Como bien saben los islamistas, el reforzamiento progresivo de las medidas de seguridad conduce en último término a un estado policial de facto, como padecen los habitantes de casi todo el Oriente Medio, contra el cual es más fácil combatir, según la estrategia que han adoptado de forma sumamente efectiva tanto en Afganistán como en Irak. La retirada de las tropas estadounidenses en ambos países, tras asumir que una ocupación permanente sería contraria a los intereses aliados, tanto desde el punto de vista económico como desde la perspectiva neocolonialista con la que las fuerzas rebeldes podrían argumentar su lucha y reclutar cada vez más combatientes, es la demostración palpable de que en el mundo musulmán la democracia es tan frágil como inviable, y que eso es un caldo de cultivo permanente para la gestación de los futuros soldados de Alá. Las nuevas generaciones que seguirán inmolándose en nuestras calles.
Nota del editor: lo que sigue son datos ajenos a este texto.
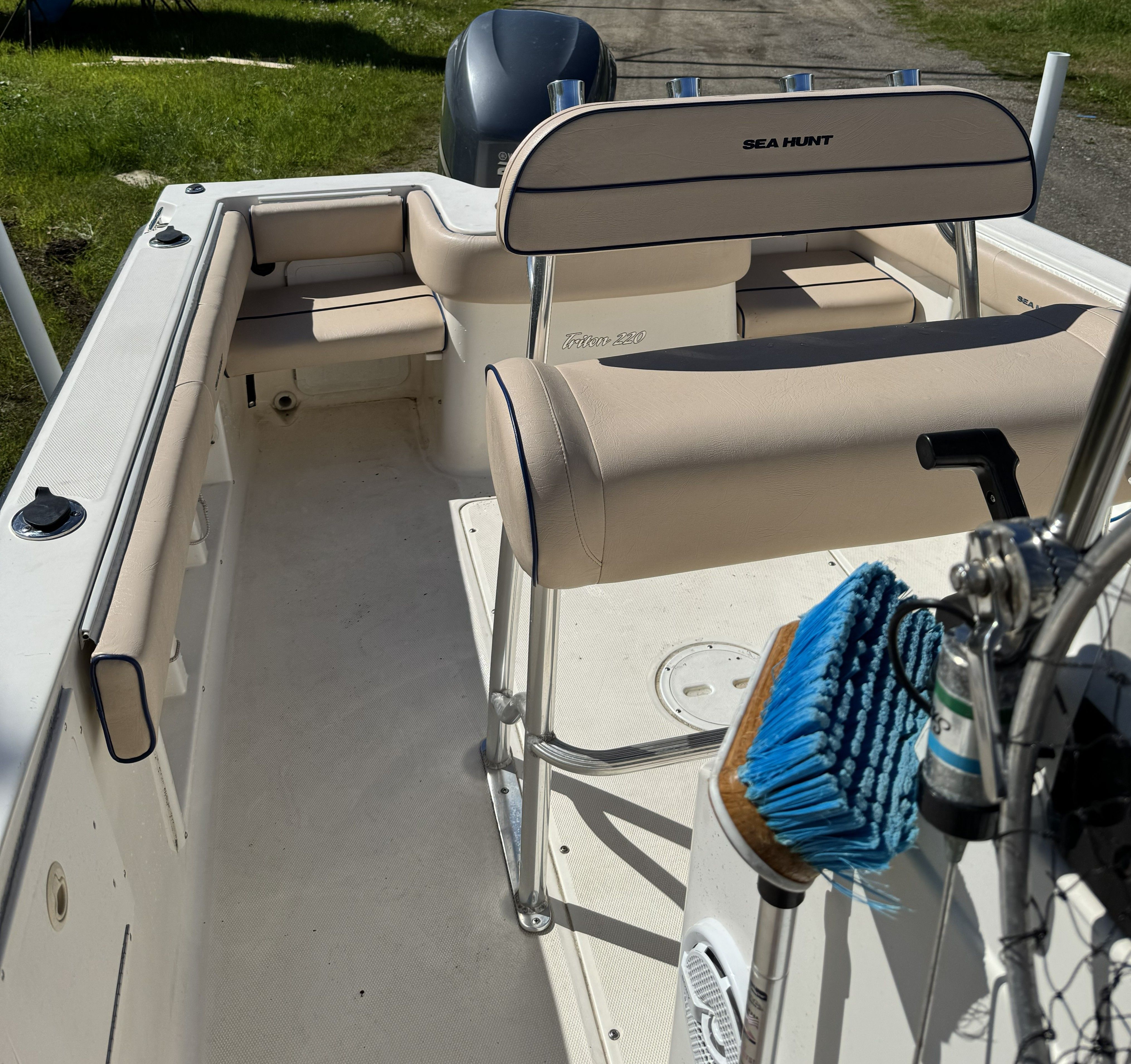 Interior view of a 2004 Sea Hunt Triton boat with seating area.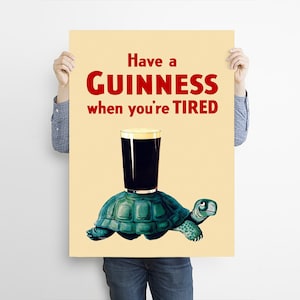 Pode incluir: Um p&ocirc;ster de estilo vintage que anuncia a cerveja Guinness com o texto "Have a GUINNESS when you're TIRED". O p&ocirc;ster apresenta uma ilustra&ccedil;&atilde;o de desenho animado de uma tartaruga carregando um copo de Guinness.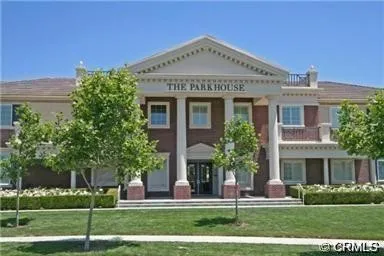 a front view of a building with a garden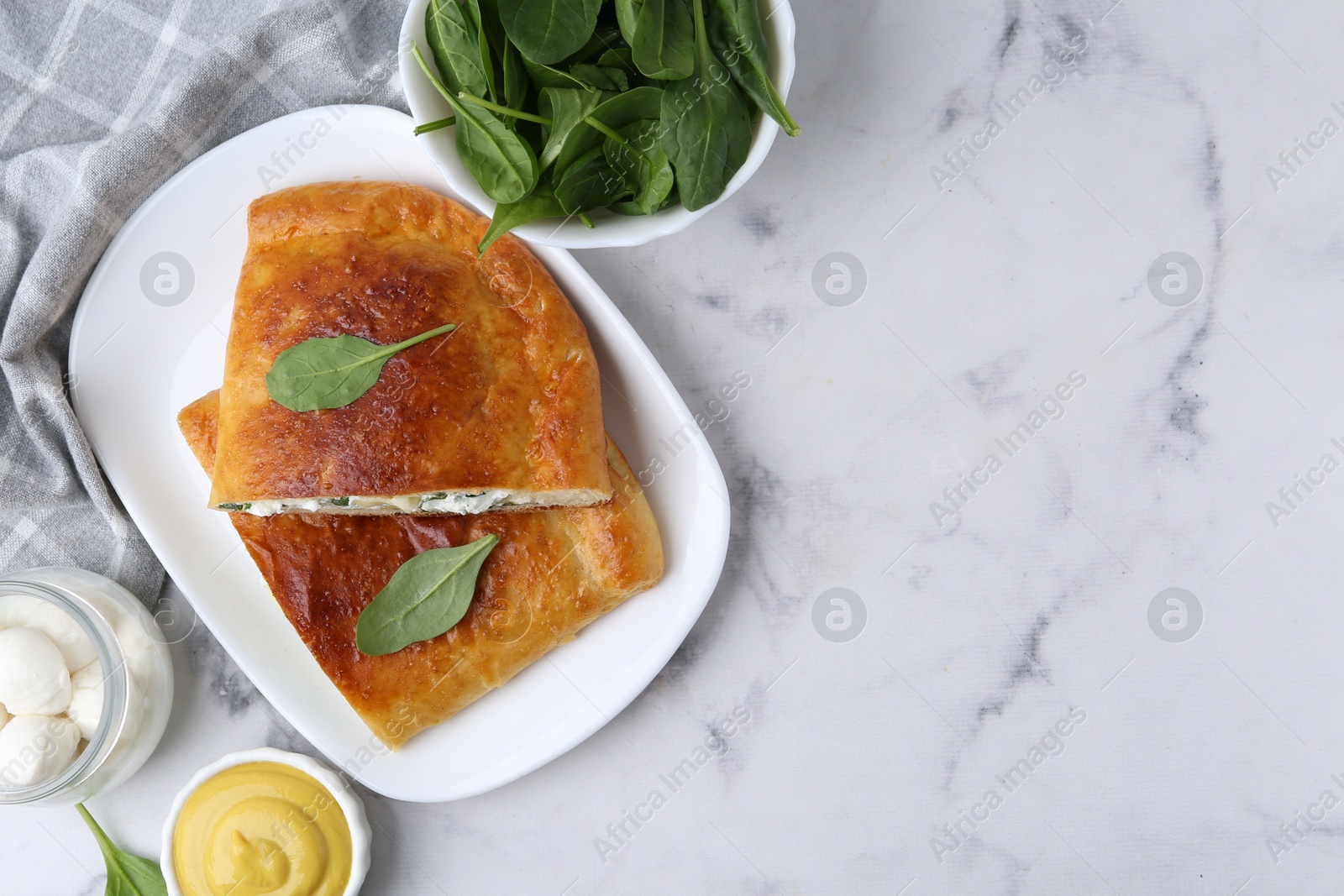 Photo of Pieces of tasty calzone with basil, mozzarella cheese and sauce on white marble table, flat lay. Space for text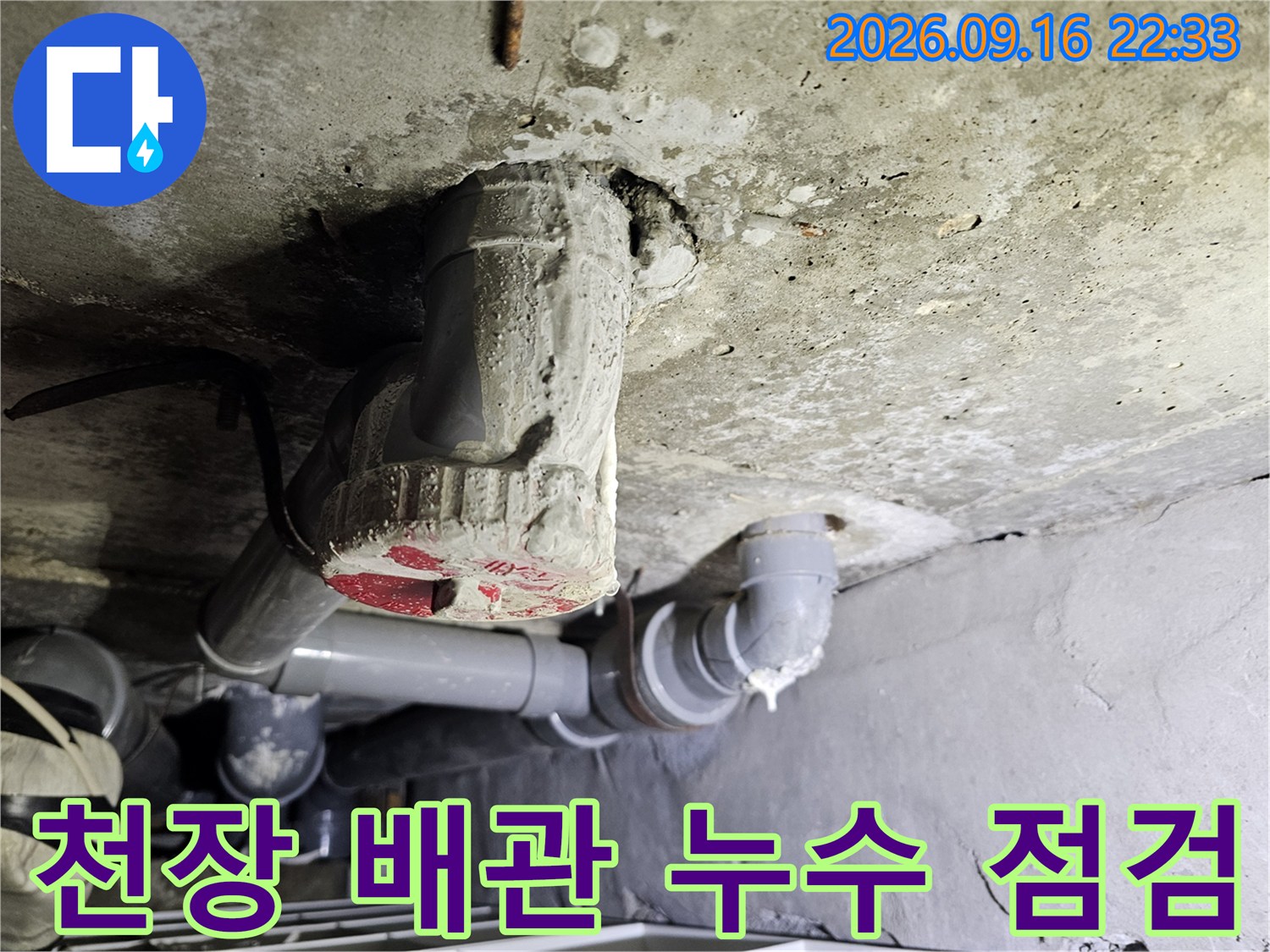 천장 슬래브를 관통하는 하수 배관과 연결 부위의 근접 촬영입니다.
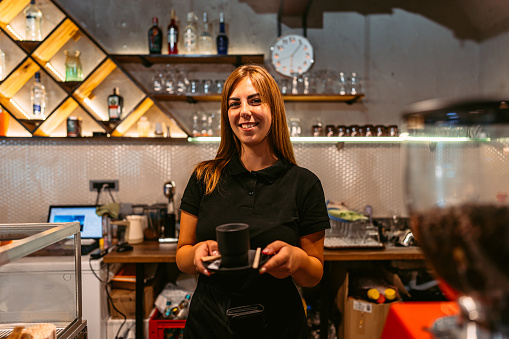 Beautiful young smiling female barista behind the bar counter, holding a cup of coffee.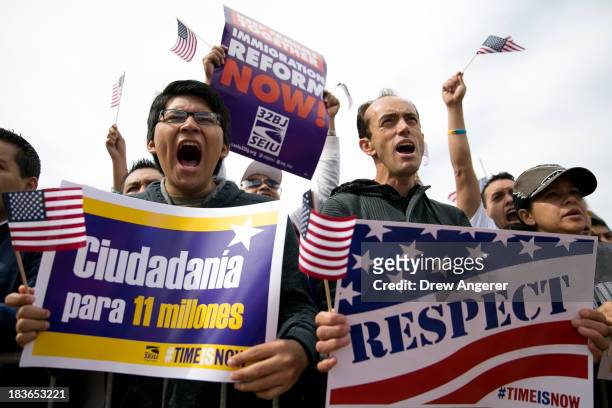 Hernan Morales, a student at American University, and Juan Martinez, cheer during a rally in support of immigration reform, in Washington, on October...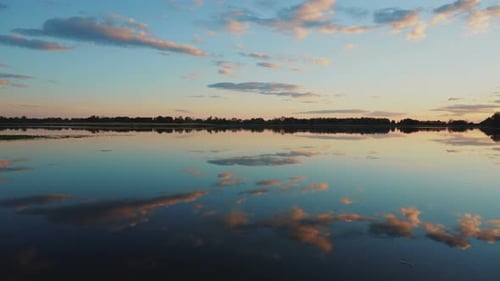 Panorama of the Lake at Sunset. The Lake Reflects the Sky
El Vietnam del siglo XXI se llama Islamismo radical. La salida norteamericana por la puerta de atrás de Irak, donde en el primer cuatrimestre del año han fallecido cuatro mil personas de forma violenta, es la demostración de la ciénaga creada por la invasión y derrocamiento de Sadam. El nuevo Vietnam islámico es mucho más difuso y extenso, ideológicamente más potente y perdurable y cuesta mucho más dinero en términos reales que aquella guerra que concluyó en 1975 con una derrota estrepitosa. Y de seguir así las cosas, Occidente va a perder esta otra guerra de nuevo, porque los adversarios tienen mucha más convicción y disponen de todo el tiempo del mundo para concluir su misión. Y bastante menos que perder.